Captain Burns received numerous awards and commendations. On January 31, 1985, she received the Amelia Earhart Award—presented by New Jersey Governor Thomas Kean and the CEO of People Express, Donald Burr—for her historic flight as captain of the Boeing 747 on July 18, 1984. Prior to that award, on August 14, 1984, she received an Award of Recognition from Baltimore Mayor William Donald Schaefer, which cited her as one of Baltimore's best. On August 16, she received a letter of congratulation from New Jersey Senator C. Louis Bassano, who prepared a resolution in her honor. On August 21, U.S. Senator Frank R. Lautenberg of New Jersey credited her with "opening doors for millions of American women" and read her deeds into the Congressional Record. On October 17, Maryland Governor Harry Hughes sent a letter of congratulation and named her an "ambassador of goodwill" for the state. On November 16, she received a letter of congratulation from President Ronald Reagan and was invited to the 50th American President Inauguration.

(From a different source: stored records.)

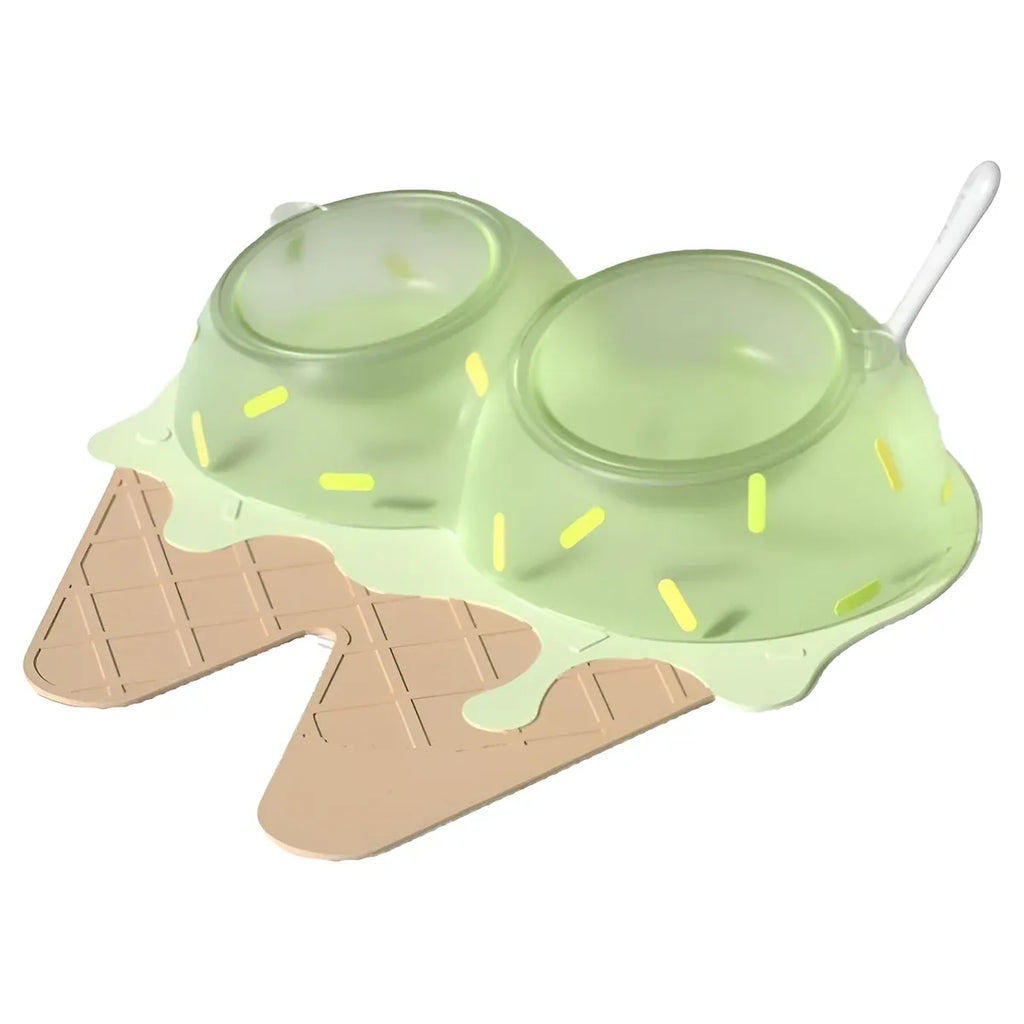 Detachable Ice Cream Shaped Bowls Pet Set Feeding Mat Spoon Cats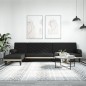 vidaXL Sofá cama en forma de L tela negro 260x140x70 cm vidaXL Sofá cama en forma de L tela negro 260x140x70 cm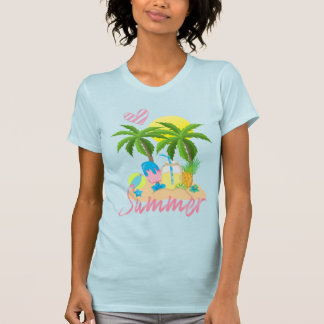 Tropischer Paradies-Sommer-Liebe-Strand-Frauen T-Shirt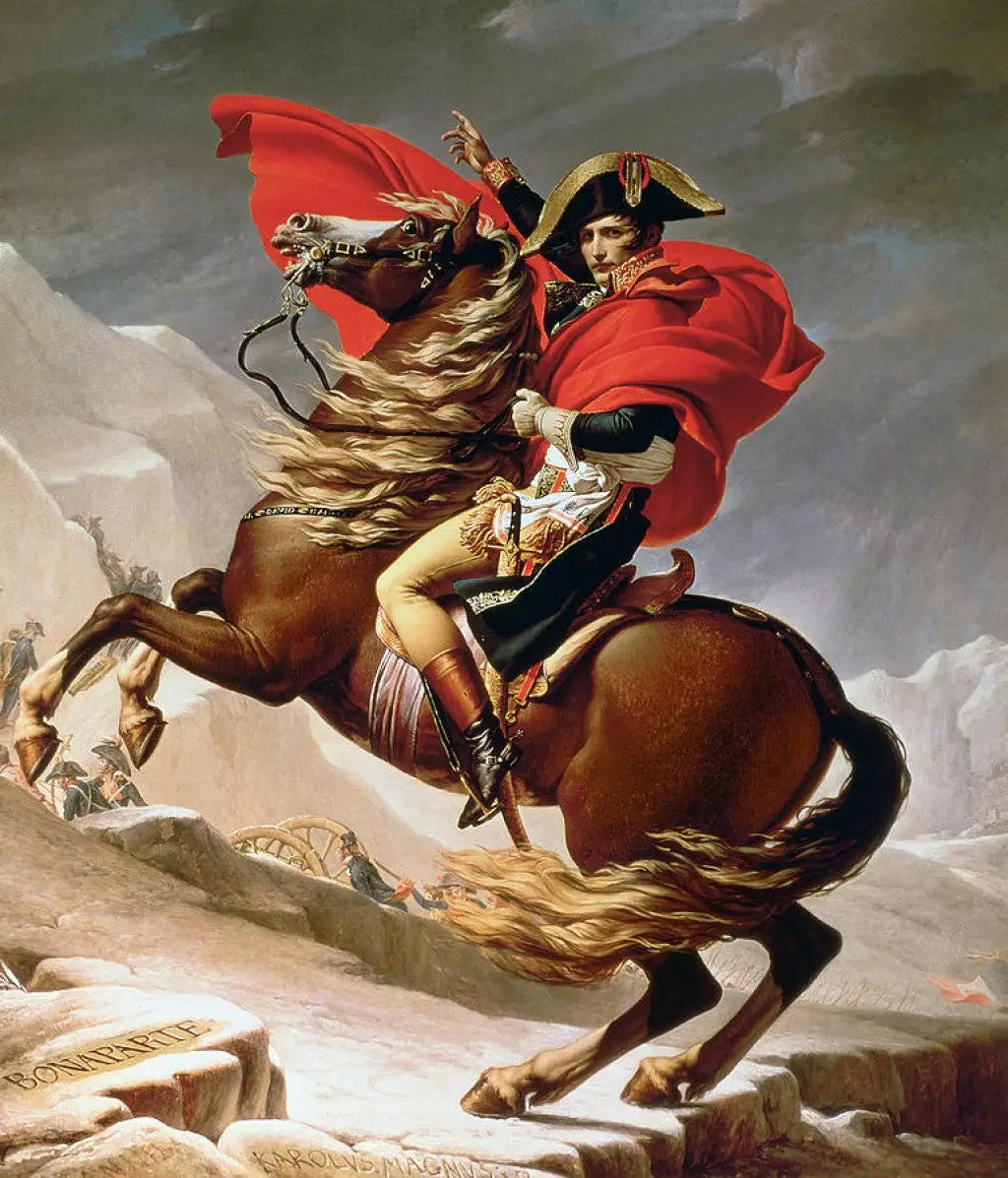 Reproduction du tableau « Bonaparte franchissant le Grand-Saint-Bernard - Jacques-Louis David » par Alpha Reproduction en peinture à l’huile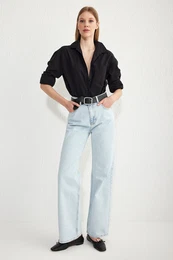 Light Blue High Waist Wide Leg Jeans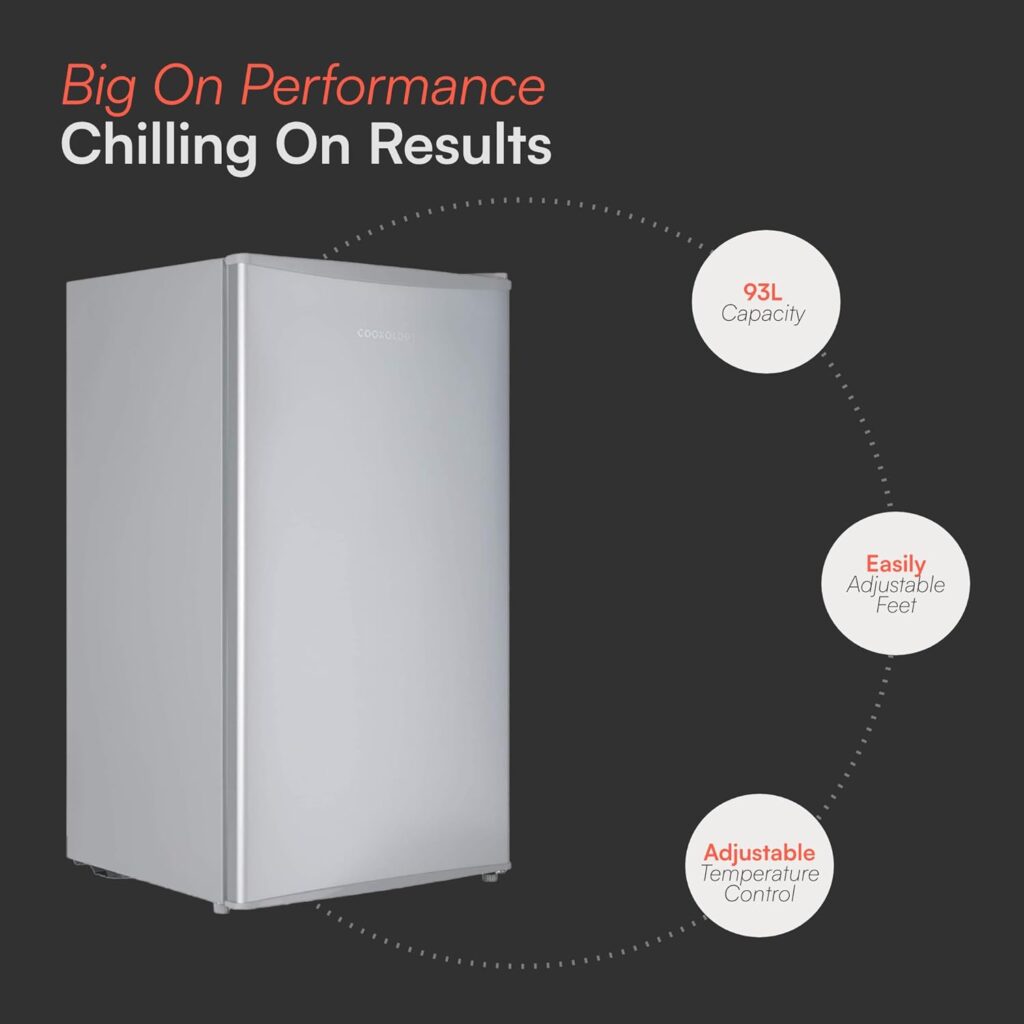 Cookology UCIF93SL Freestanding under counter Fridge in Silver - 93 Litre Capacity - Adjustable Temperature Control  Legs - With Chiller Box          [Energy Class F]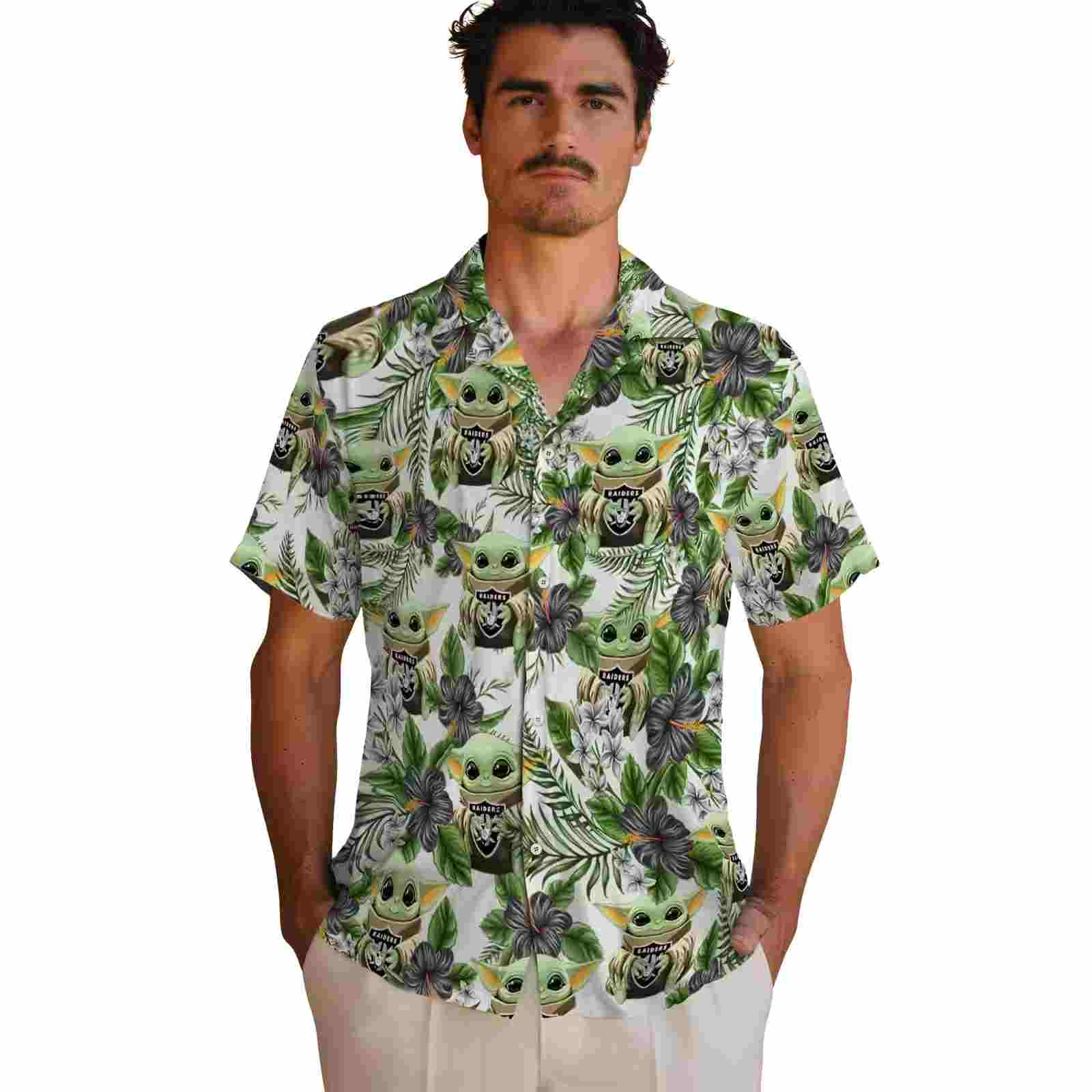 las vegas raiders tropical yoda green hawaiian shirt fashion forward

Later commendations included a 2001 citation from U.S. Senator Barbara Mikulski of Maryland and a letter of congratulation, dated August 7, 2001, from President George W. Bush. On February 6, 2002, a proclamation by Baltimore Mayor Martin O'Malley designated the date as Beverly Burns Day in Baltimore. In 2003, she received a Certificate of Appreciation from USAF General John W. Handy for outstanding support for Operation Iraqi Freedom while serving as a member of the Civil Reserve Air Fleet.

She has a autobiography called The Shadow Of Thy Wings.

Burns later suffered from Alzheimer's disease, and died in Baltimore on November 1, 2025, at the age of 76. She was predeceased by her husband.